Supplied data START

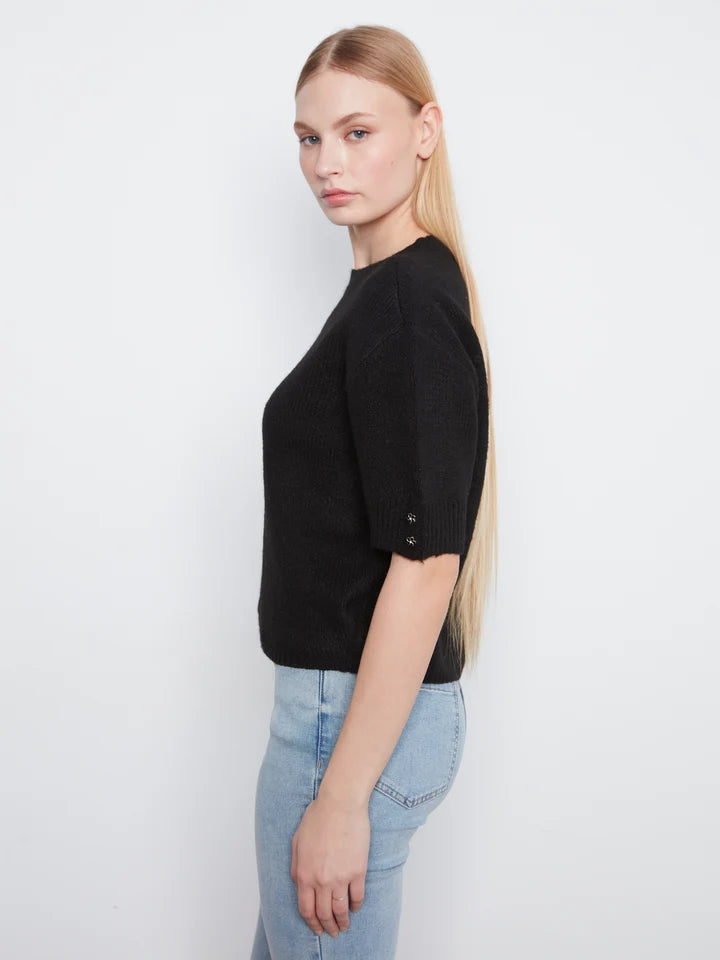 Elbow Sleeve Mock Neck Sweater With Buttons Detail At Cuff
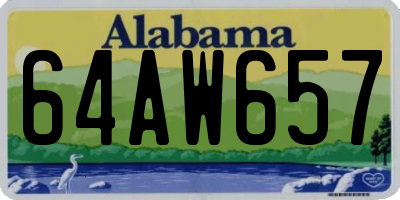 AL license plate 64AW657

Supplied data END
Supplied data START

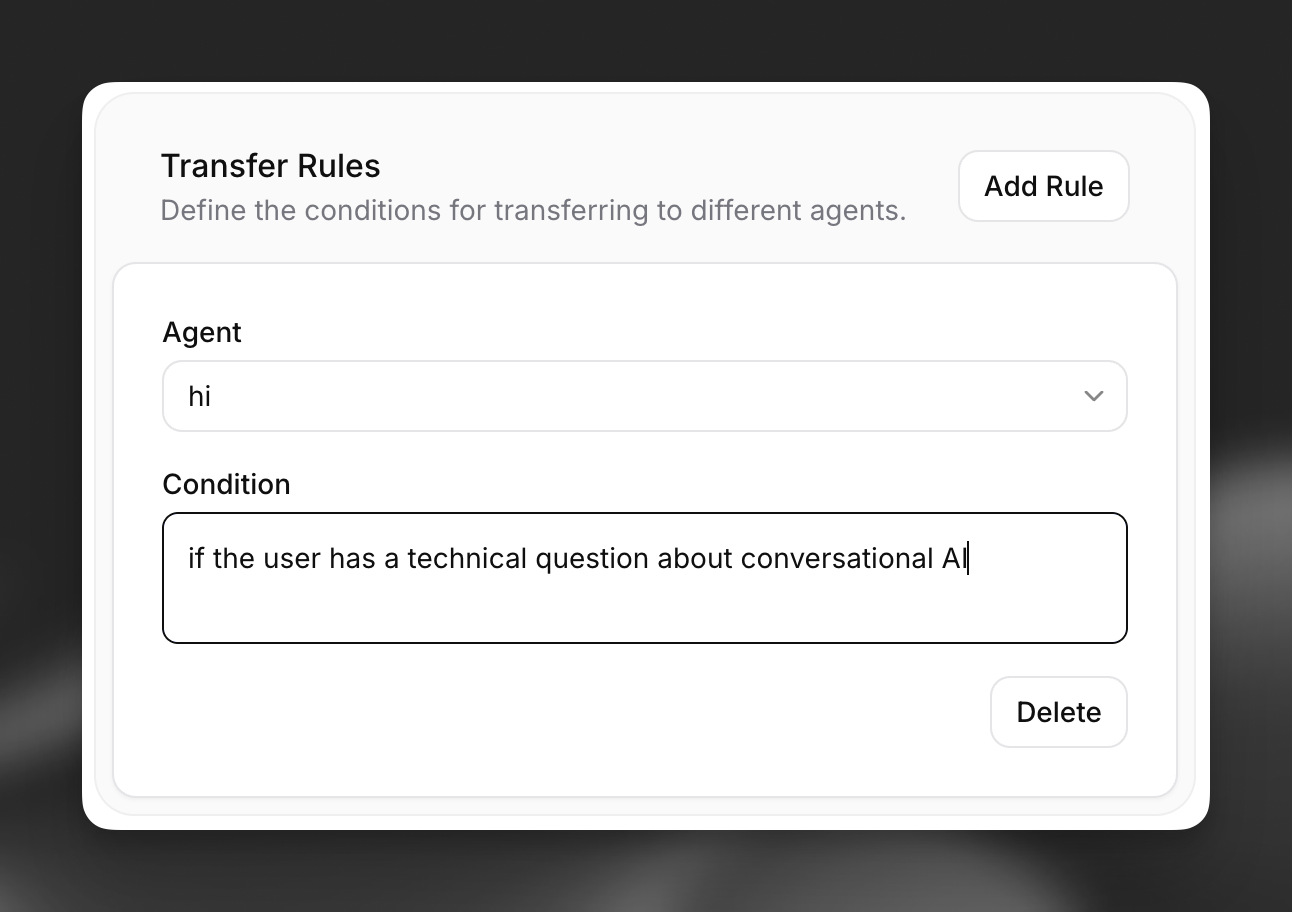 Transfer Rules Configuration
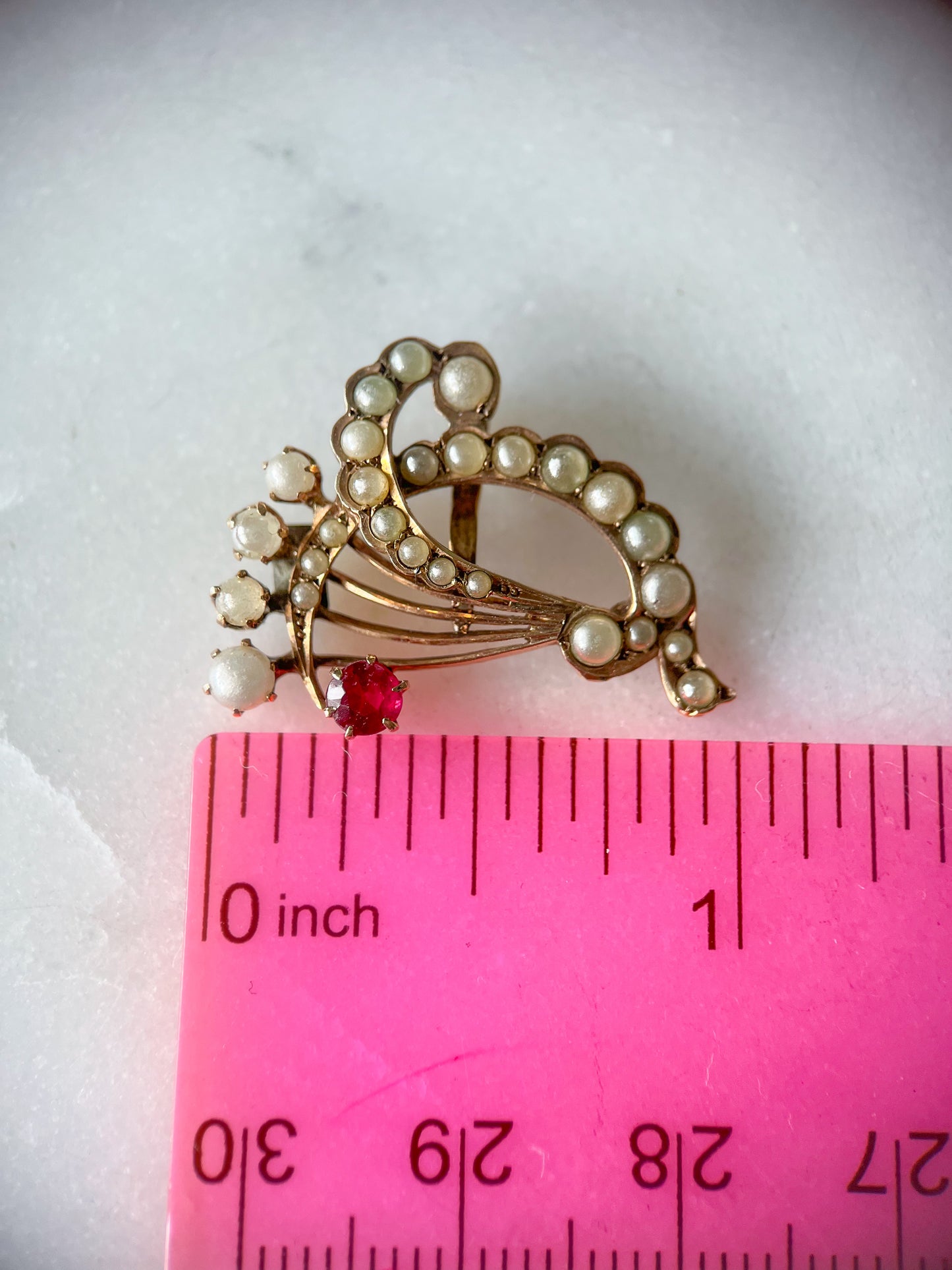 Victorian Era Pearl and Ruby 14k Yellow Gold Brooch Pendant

Supplied data END

* _Exercise prompt_:
What should come back is an exact copy of the lines above from the line with "Elbow Sleeve Mock" to the line with "AL license plate 64AW657", both included, minus the pictures.

* _Task response_:
 Elbow Sleeve Mock Neck Sweater With Buttons Detail At Cuff
 AL license plate 64AW657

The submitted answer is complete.